Task prompt: The answer must reproduce all of the data below exactly and contain no images.

Dataset extract:
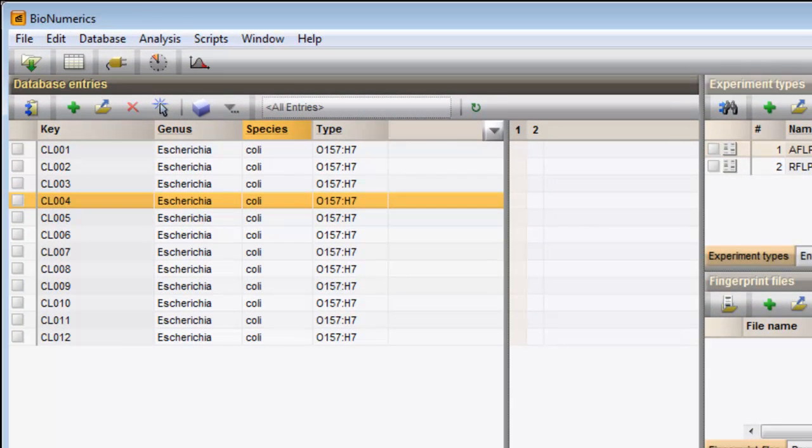In the Database Entries panel, each row corresponds to a database entry. In this database, 12 entries are present.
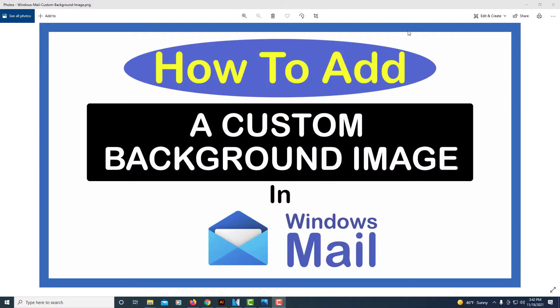This is going to be a video tutorial on how to add a custom background image in Windows Mail.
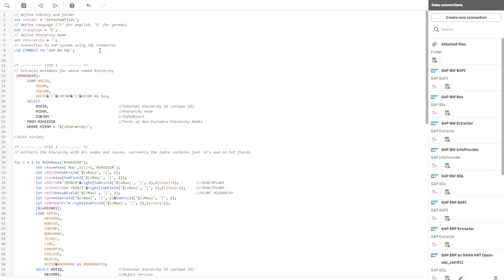As already mentioned, the script performs five tasks. But at first, you need to provide a hierarchy name you want to refer to. In my case, I'm interested in the plant hierarchy. So I paste this definition in line 6, which will fill a variable.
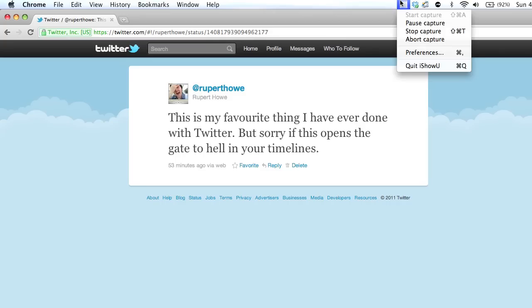Okay, that's me, Rupert Howe, twitterblog.tv, premierpro.org, goodbye.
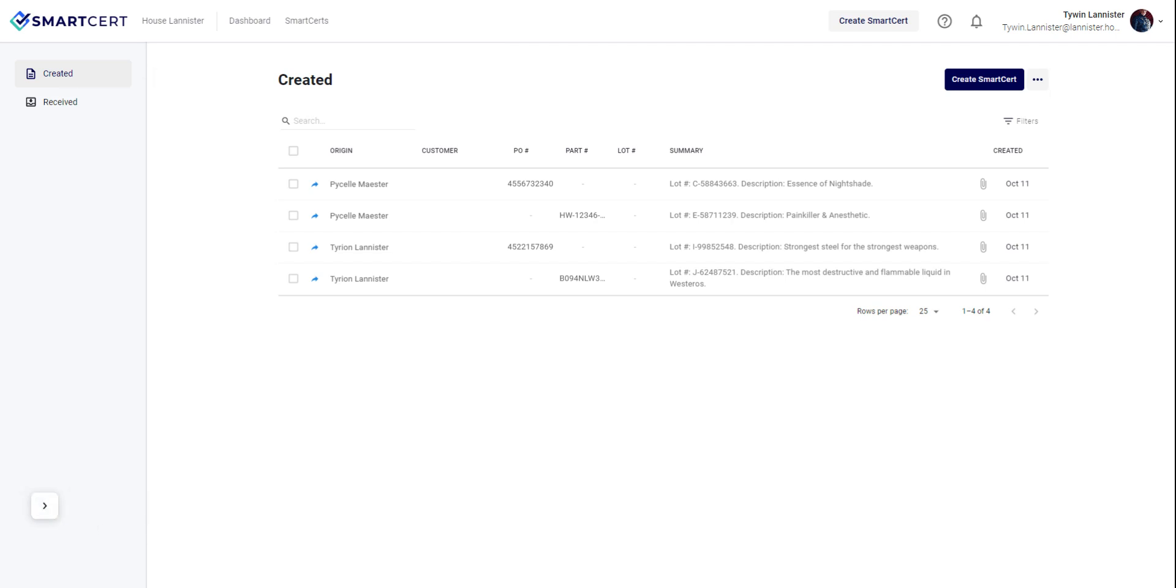Your created dashboard houses all the information related to the smart certs that have been created for existing inventory and for your customers.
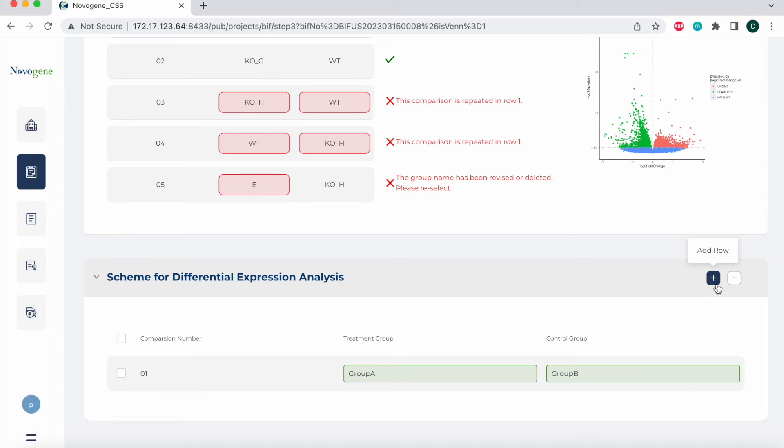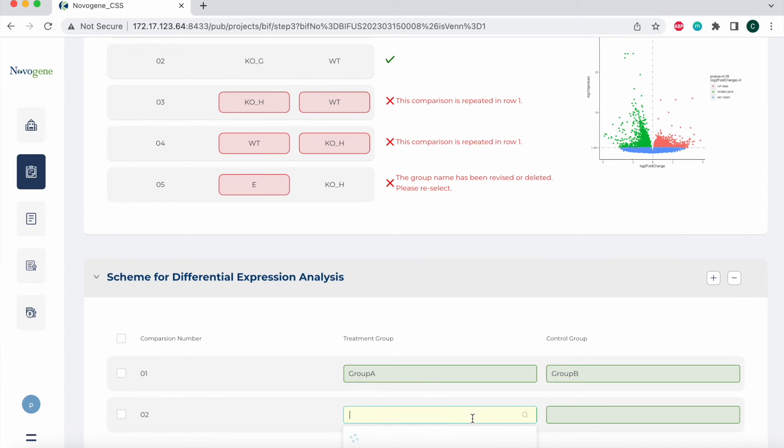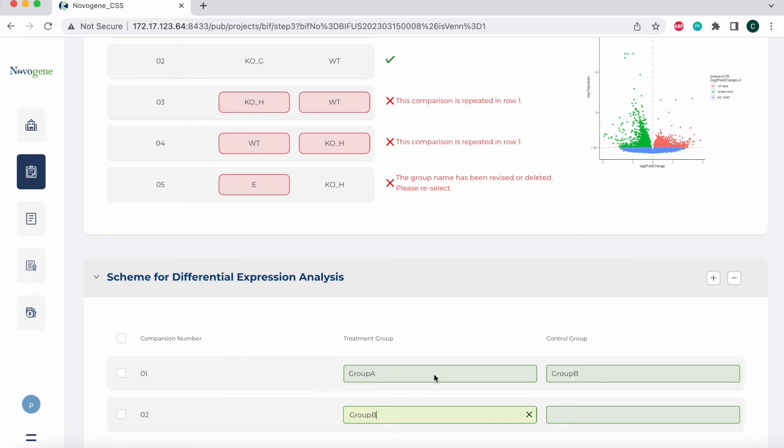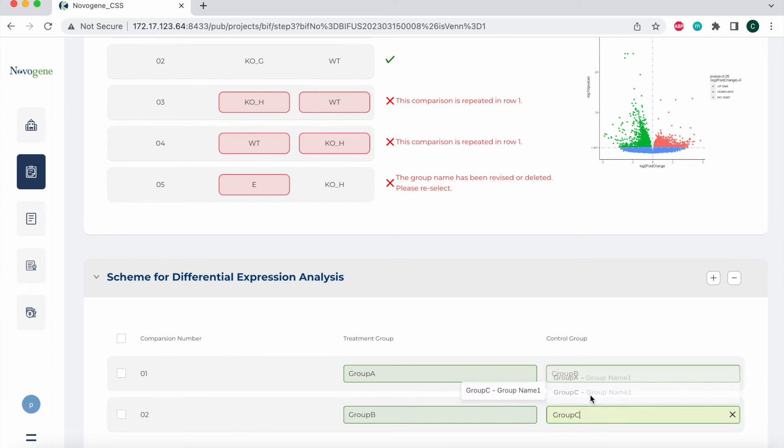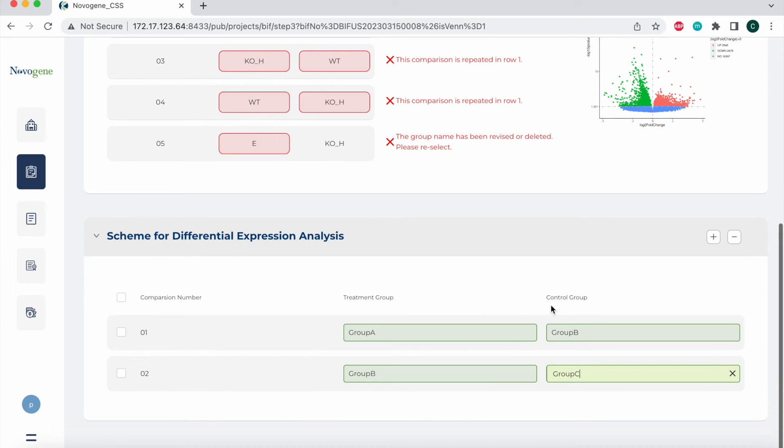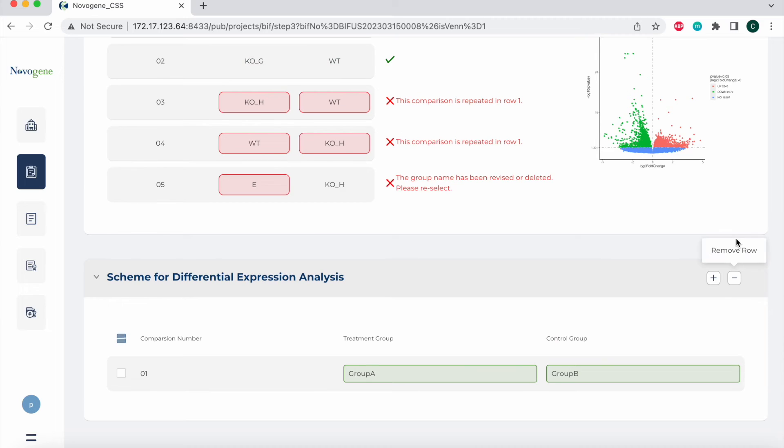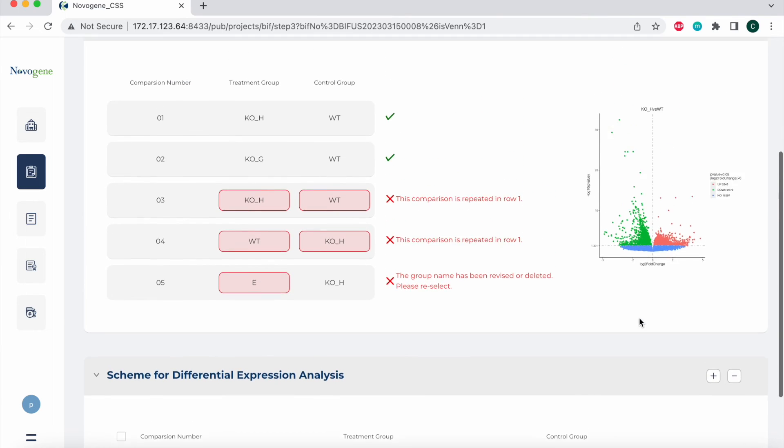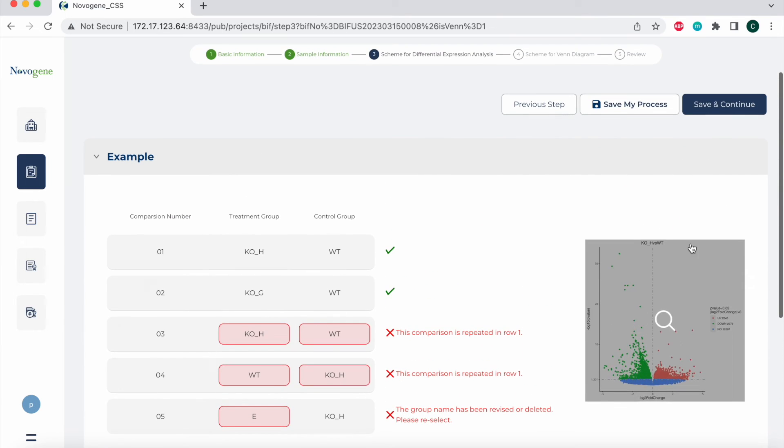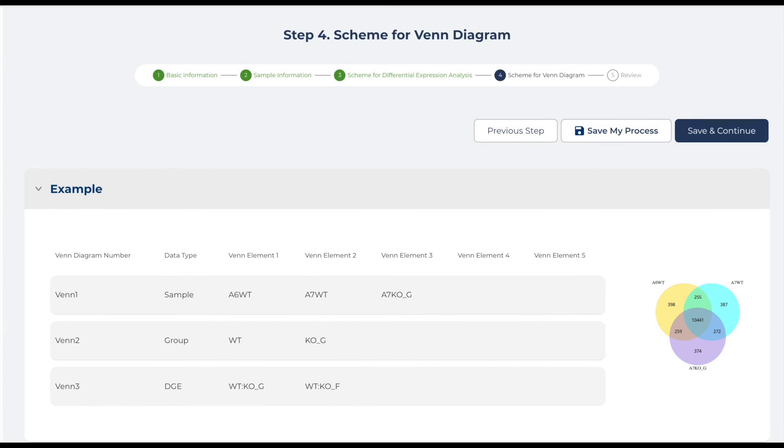If I want to add another one, I'm going to do the same thing. In this case, I'm going to use group B as a treatment group and group C as a control group. If I wanted to delete this for whatever reason, I would just click on this box and hit the subtract button. Once you are done, save this page and continue to move on to the next section, which is the scheme for Venn diagram.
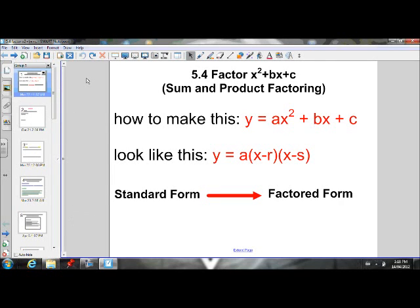Welcome back, grade 10 math. Today's lesson is on section 5.4, factoring x squared plus bx plus c.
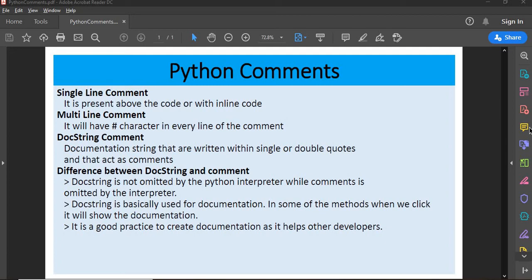Hi everyone, welcome to a very short and precise session on Python comments. In this session we will learn about single-line comments, multiple-line comments, docstring comments, and the difference between docstring and comments.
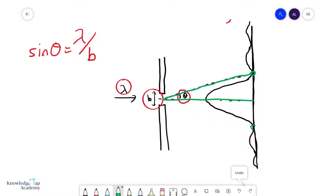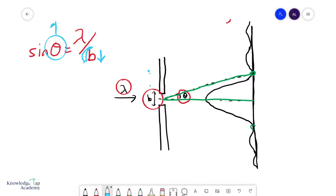This should make sense: if we make our slit width b smaller, you expect diffraction to be better. So if b gets smaller, theta will get larger, which basically indicates that your spread is getting bigger — the pattern widens outward.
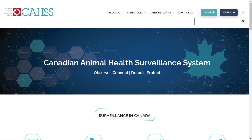Hello, and welcome to the Canadian Animal Health Surveillance System website at caas.ca. In this quick video, I'll guide you through how to access the CAAS Regulated Disease Table, which allows users to determine whether a terrestrial or aquatic disease of interest is reportable or notifiable nationally and within different provinces and territories in Canada.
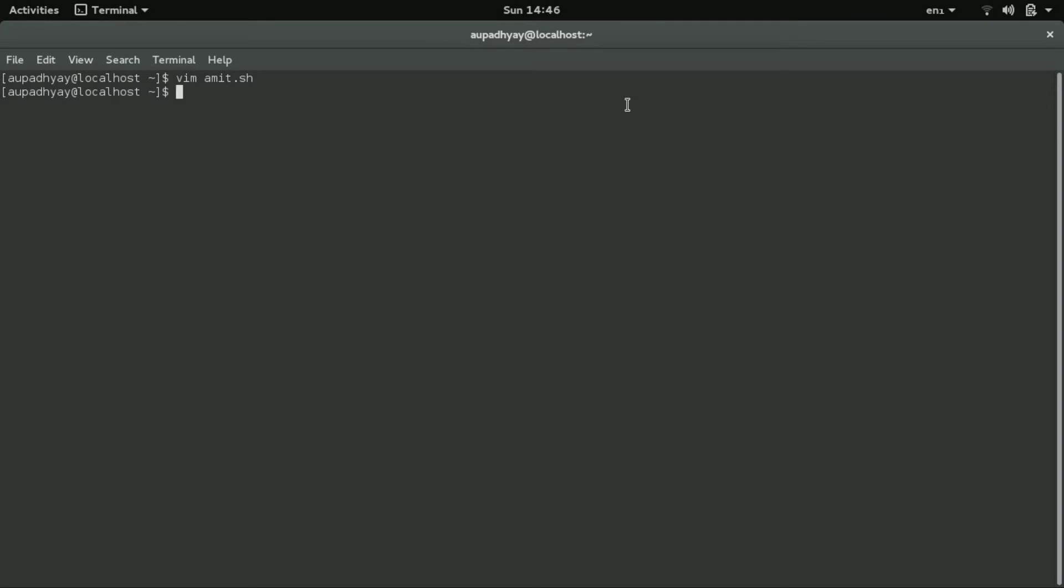Now you have to make this file executable one. Read and write options I think it will be there, but you have to make this file executable one. So you need to write chmod 777, and the argument will be the file that you have created. In this case it is amiss.sh. Now this file has become the executable one.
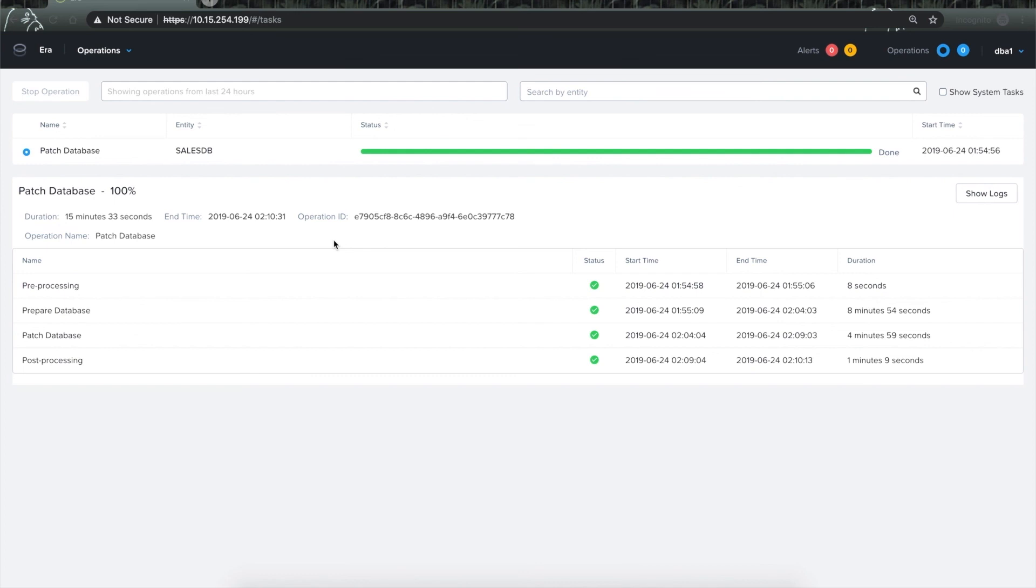This patching feature will be available to all new and existing customers in the Era release 1.1. In the first cut, you will be able to patch Oracle databases with support for other engines coming very soon.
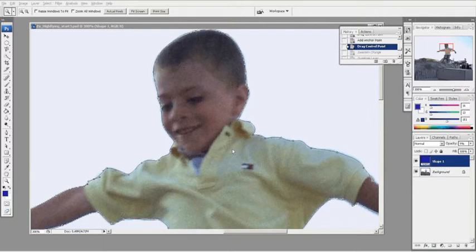Okay, we're back. What we were working on is selecting the character and removing them from the background.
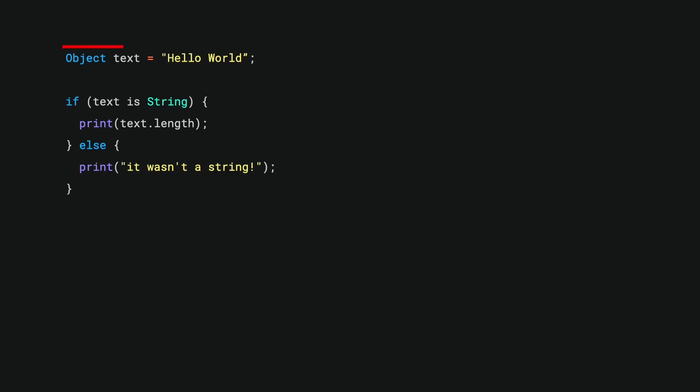Here, for example, I've got a variable text of type object. But Dart will allow me, at compile time, to treat it as if it's a string and access its length property, even though I haven't done any casting.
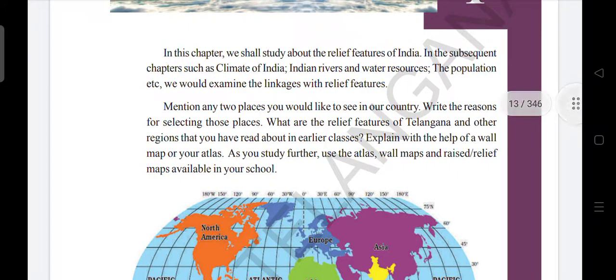Mention any two places you would like to see in our country and write the reasons for selecting those places. What are the relief features of Telangana and other regions that you have read about in earlier classes? Explain with the example of a wall map or your atlas. As you study further, use the atlas, wall maps, and raised relief maps available in your school.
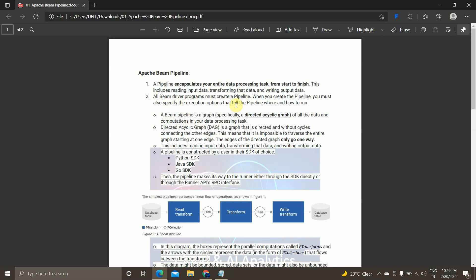All Beam driver programs must create a pipeline — that is the basic requirement. When you create the pipeline, you also specify the execution options that tell the pipeline where and how to run. The runner is where your Beam code will execute, whether in Cloud Dataflow, Apache Spark, or Apache Flink. The runner needs certain pipeline options, which are passed as arguments when the pipeline object is created.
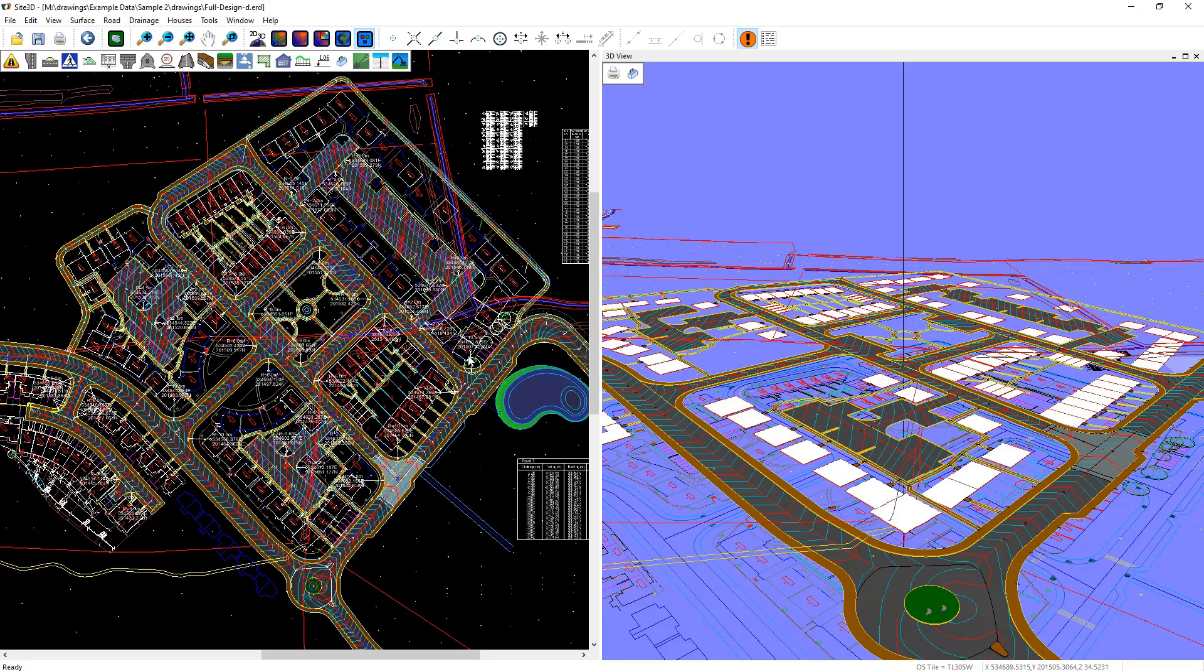I'm going to quickly show you how to create formation surface, cut and fill volumes and the isopachite depth coloring inside 3D.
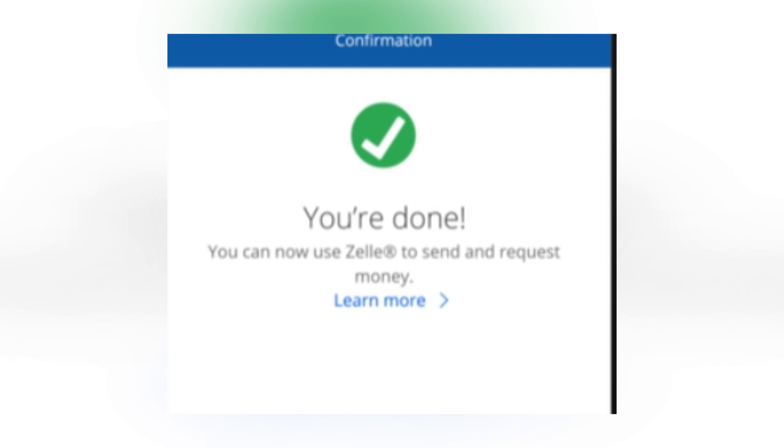Now you know how to set up Zelle with Chase. Thanks for watching. Don't forget to like and subscribe to the channel.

Answer to this exercise:
In the Database Entries panel, each row corresponds to a database entry. In this database, 12 entries are present.
This is going to be a video tutorial on how to add a custom background image in Windows Mail.
As already mentioned, the script performs five tasks. But at first, you need to provide a hierarchy name you want to refer to. In my case, I'm interested in the plant hierarchy. So I paste this definition in line 6, which will fill a variable.
Okay, that's me, Rupert Howe, twitterblog.tv, premierpro.org, goodbye.
Your created dashboard houses all the information related to the smart certs that have been created for existing inventory and for your customers.
If I want to add another one, I'm going to do the same thing. In this case, I'm going to use group B as a treatment group and group C as a control group. If I wanted to delete this for whatever reason, I would just click on this box and hit the subtract button. Once you are done, save this page and continue to move on to the next section, which is the scheme for Venn diagram.
Welcome back, grade 10 math. Today's lesson is on section 5.4, factoring x squared plus bx plus c.
Hi everyone, welcome to a very short and precise session on Python comments. In this session we will learn about single-line comments, multiple-line comments, docstring comments, and the difference between docstring and comments.
This should make sense: if we make our slit width b smaller, you expect diffraction to be better. So if b gets smaller, theta will get larger, which basically indicates that your spread is getting bigger — the pattern widens outward.
Hello, and welcome to the Canadian Animal Health Surveillance System website at caas.ca. In this quick video, I'll guide you through how to access the CAAS Regulated Disease Table, which allows users to determine whether a terrestrial or aquatic disease of interest is reportable or notifiable nationally and within different provinces and territories in Canada.
Now you have to make this file executable one. Read and write options I think it will be there, but you have to make this file executable one. So you need to write chmod 777, and the argument will be the file that you have created. In this case it is amiss.sh. Now this file has become the executable one.
This patching feature will be available to all new and existing customers in the Era release 1.1. In the first cut, you will be able to patch Oracle databases with support for other engines coming very soon.
Okay, we're back. What we were working on is selecting the character and removing them from the background.
Here, for example, I've got a variable text of type object. But Dart will allow me, at compile time, to treat it as if it's a string and access its length property, even though I haven't done any casting.
Mention any two places you would like to see in our country and write the reasons for selecting those places. What are the relief features of Telangana and other regions that you have read about in earlier classes? Explain with the example of a wall map or your atlas. As you study further, use the atlas, wall maps, and raised relief maps available in your school.
All Beam driver programs must create a pipeline — that is the basic requirement. When you create the pipeline, you also specify the execution options that tell the pipeline where and how to run. The runner is where your Beam code will execute, whether in Cloud Dataflow, Apache Spark, or Apache Flink. The runner needs certain pipeline options, which are passed as arguments when the pipeline object is created.
I'm going to quickly show you how to create formation surface, cut and fill volumes and the isopachite depth coloring inside 3D.
Now you know how to set up Zelle with Chase. Thanks for watching. Don't forget to like and subscribe to the channel.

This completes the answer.